### Web page caption snippets
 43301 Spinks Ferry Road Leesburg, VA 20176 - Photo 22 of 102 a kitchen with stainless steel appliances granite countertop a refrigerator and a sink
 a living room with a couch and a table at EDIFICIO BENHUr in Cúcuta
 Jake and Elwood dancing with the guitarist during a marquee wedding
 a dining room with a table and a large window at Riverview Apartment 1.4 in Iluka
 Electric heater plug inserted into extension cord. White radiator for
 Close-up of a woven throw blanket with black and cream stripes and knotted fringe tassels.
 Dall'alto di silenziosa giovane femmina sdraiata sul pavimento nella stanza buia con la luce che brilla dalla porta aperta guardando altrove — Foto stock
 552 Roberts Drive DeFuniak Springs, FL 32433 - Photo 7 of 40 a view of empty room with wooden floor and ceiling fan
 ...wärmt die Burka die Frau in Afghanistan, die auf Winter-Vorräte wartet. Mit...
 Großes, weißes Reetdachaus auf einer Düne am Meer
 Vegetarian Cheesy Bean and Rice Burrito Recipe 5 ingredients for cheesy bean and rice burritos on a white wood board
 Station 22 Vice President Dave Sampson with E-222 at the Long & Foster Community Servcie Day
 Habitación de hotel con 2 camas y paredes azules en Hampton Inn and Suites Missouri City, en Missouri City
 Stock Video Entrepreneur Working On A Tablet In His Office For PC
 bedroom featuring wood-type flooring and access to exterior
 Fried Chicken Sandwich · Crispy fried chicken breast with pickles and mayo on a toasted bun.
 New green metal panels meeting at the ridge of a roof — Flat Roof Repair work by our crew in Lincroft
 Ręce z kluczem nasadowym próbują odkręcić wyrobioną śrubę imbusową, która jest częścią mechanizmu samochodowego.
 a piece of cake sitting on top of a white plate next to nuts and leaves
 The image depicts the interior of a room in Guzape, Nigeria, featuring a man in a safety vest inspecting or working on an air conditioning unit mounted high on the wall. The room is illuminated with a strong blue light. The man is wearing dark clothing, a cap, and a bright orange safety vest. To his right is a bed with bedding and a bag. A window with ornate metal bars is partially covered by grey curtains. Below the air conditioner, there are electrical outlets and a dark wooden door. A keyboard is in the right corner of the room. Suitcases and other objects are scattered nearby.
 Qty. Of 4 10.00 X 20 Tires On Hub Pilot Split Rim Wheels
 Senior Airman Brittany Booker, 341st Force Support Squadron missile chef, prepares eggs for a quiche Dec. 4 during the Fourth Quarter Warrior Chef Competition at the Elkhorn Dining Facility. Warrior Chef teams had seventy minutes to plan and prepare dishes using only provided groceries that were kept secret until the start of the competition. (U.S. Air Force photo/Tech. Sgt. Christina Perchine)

### Exercise directions
A word-for-word copy of the lines above from the one with "Winter-Vorräte wartet. Mit..." through the one with "Ręce z kluczem", inclusive, is the only output wanted.

### Completed task
 ...wärmt die Burka die Frau in Afghanistan, die auf Winter-Vorräte wartet. Mit...
 Großes, weißes Reetdachaus auf einer Düne am Meer
 Vegetarian Cheesy Bean and Rice Burrito Recipe 5 ingredients for cheesy bean and rice burritos on a white wood board
 Station 22 Vice President Dave Sampson with E-222 at the Long & Foster Community Servcie Day
 Habitación de hotel con 2 camas y paredes azules en Hampton Inn and Suites Missouri City, en Missouri City
 Stock Video Entrepreneur Working On A Tablet In His Office For PC
 bedroom featuring wood-type flooring and access to exterior
 Fried Chicken Sandwich · Crispy fried chicken breast with pickles and mayo on a toasted bun.
 New green metal panels meeting at the ridge of a roof — Flat Roof Repair work by our crew in Lincroft
 Ręce z kluczem nasadowym próbują odkręcić wyrobioną śrubę imbusową, która jest częścią mechanizmu samochodowego.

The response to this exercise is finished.